Je revois encore le sourire
sardonique de mon collègue, quand lors de mon premier voyage en
Chine en 1998, ils ont posé ce bol sous mon nez sur la table. A l’aspect et
l’odeur je n’aurai pas su trop où classer ça, mais quand ils ont apporté le
lait de coco et le sirop de sucre, j’ai compris que c’était un dessert. J’ai
prudemment arrosé ça de lait de coco, et innocemment, j’ai cru enfourner dans
ma bouche une cuillérée de tapioca.
C’est fade, voire insipide,
le goût prédominant sera donc celui de l’assaisonnement, dans ce cas le lait de
coco. En revanche cela n’avait à mon sens pas la texture du tapioca mais plutôt
celle de la graisse de viande refroidie, donc pas très agréable à mon palais
qui a immédiatement fait le rapprochement. J’en ai quand même avalé quelques
cuillères sans enthousiasme, avant d’entendre les murmures moqueurs autour de
la table : « Frog fat ».
En réalité, ce n’est pas si
simple que du gras de grenouille. Le hasma est issu de morceaux gras bien
particuliers, localisés près des trompes
de Fallope d’une grenouille que l’on trouve en Chine, Mongolie, et Corée du
Nord : la rana chensinensis. Ces
morceaux sont conservés séchés, puis réhydratés avant d’être cuisinés (ils
augmentent alors de 10 à 15 fois leur volume). Ils se servent bouillis, dans
ces soupes sucrées appelées tong sui,
et deviennent alors blancs pas tout à fait opaques, et très gluants et
gélatineux, ce qui m’a fait le confondre avec du tapioca.

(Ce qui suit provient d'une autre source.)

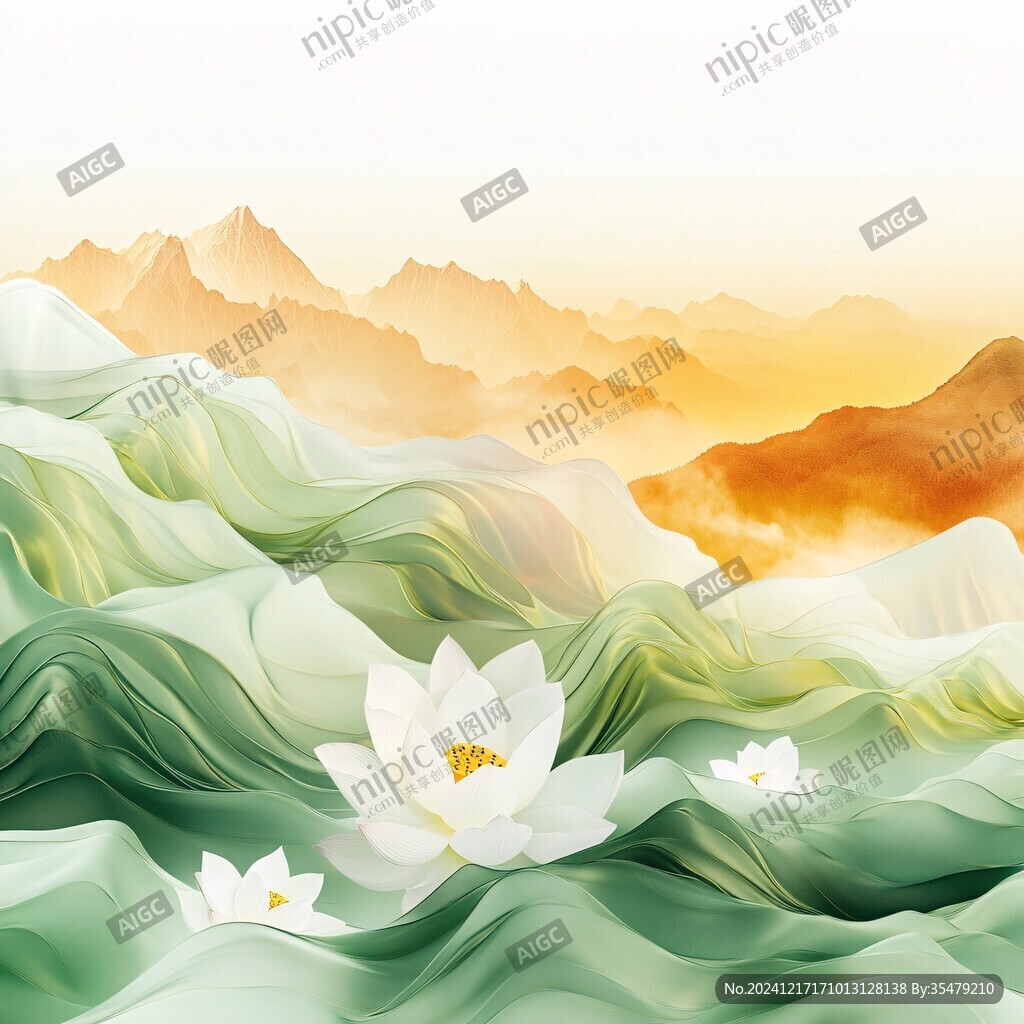 新中式山水荷花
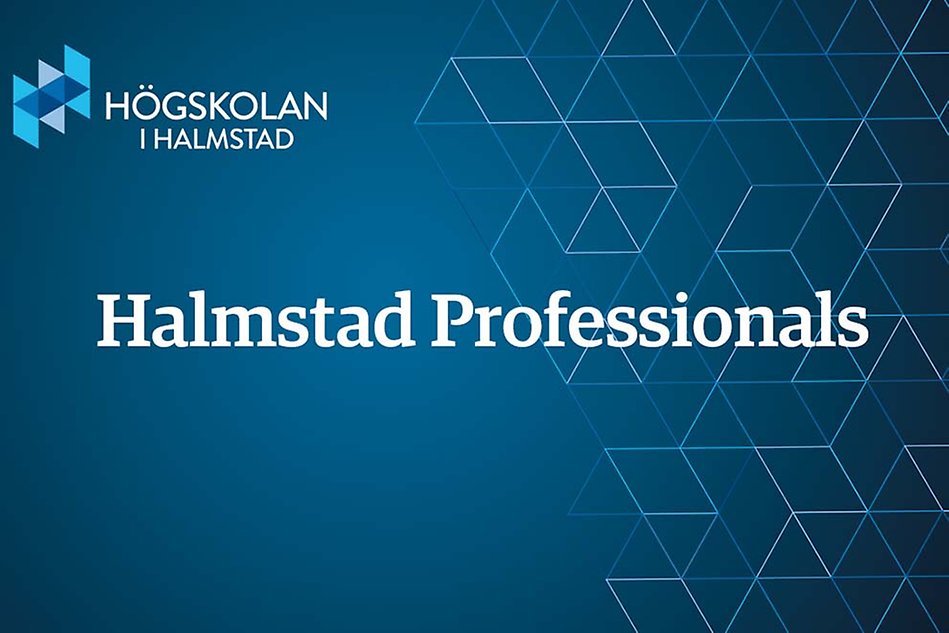 Halmstad Professionals on a blue background with the University logo.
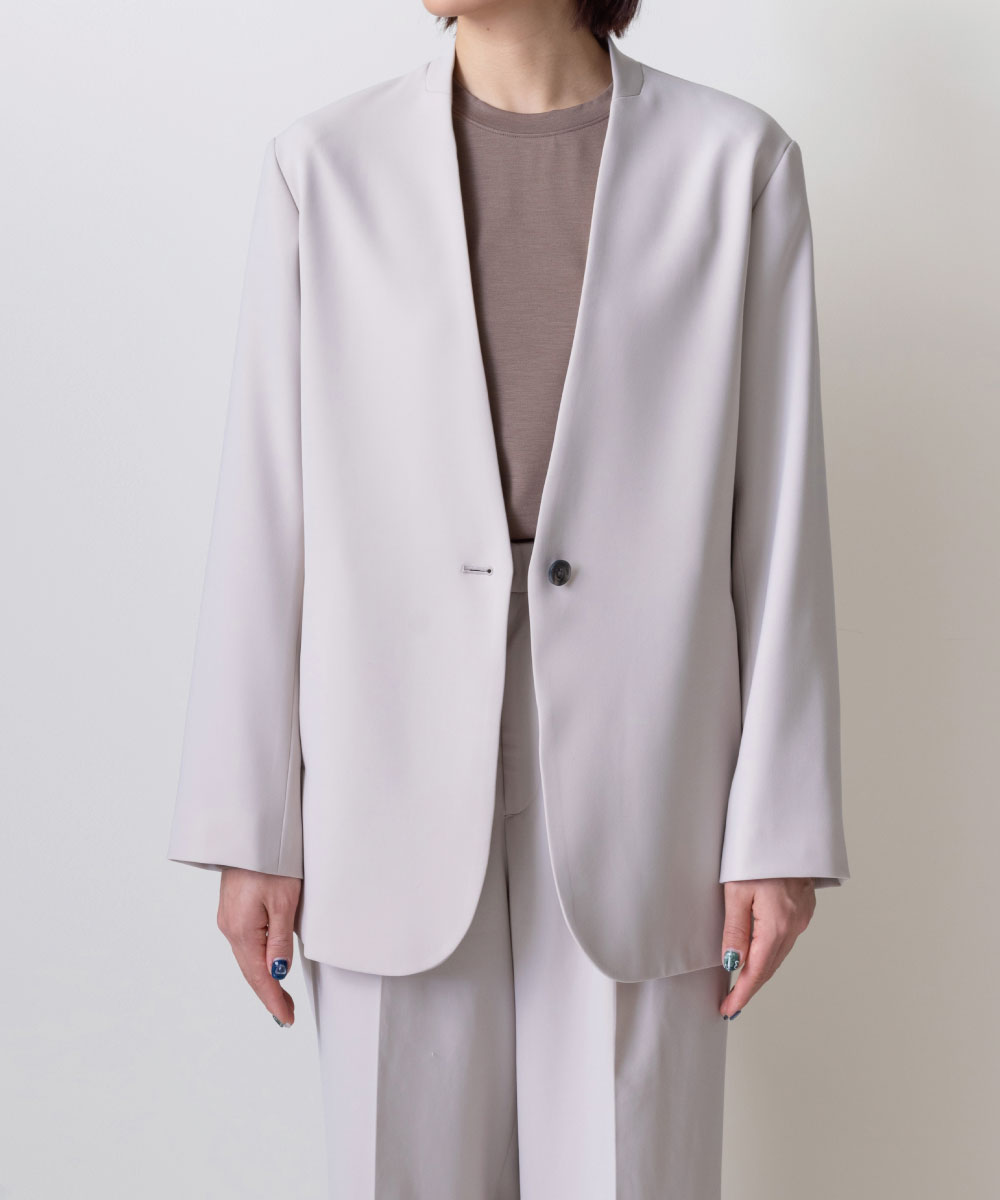 Stretch Double Cloth Collarless Jacket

C’est aussi un élément de la
pharmacopée chinoise, utilisé pour soigner les problèmes respiratoires.
Si vous avez l’occasion de
le tester, n’hésitez pas, après tout c’est un mets chinois très raffiné et
recherché. En toute objectivité gustativement pas terrible. Mais pas si
terrible que ça, non plus..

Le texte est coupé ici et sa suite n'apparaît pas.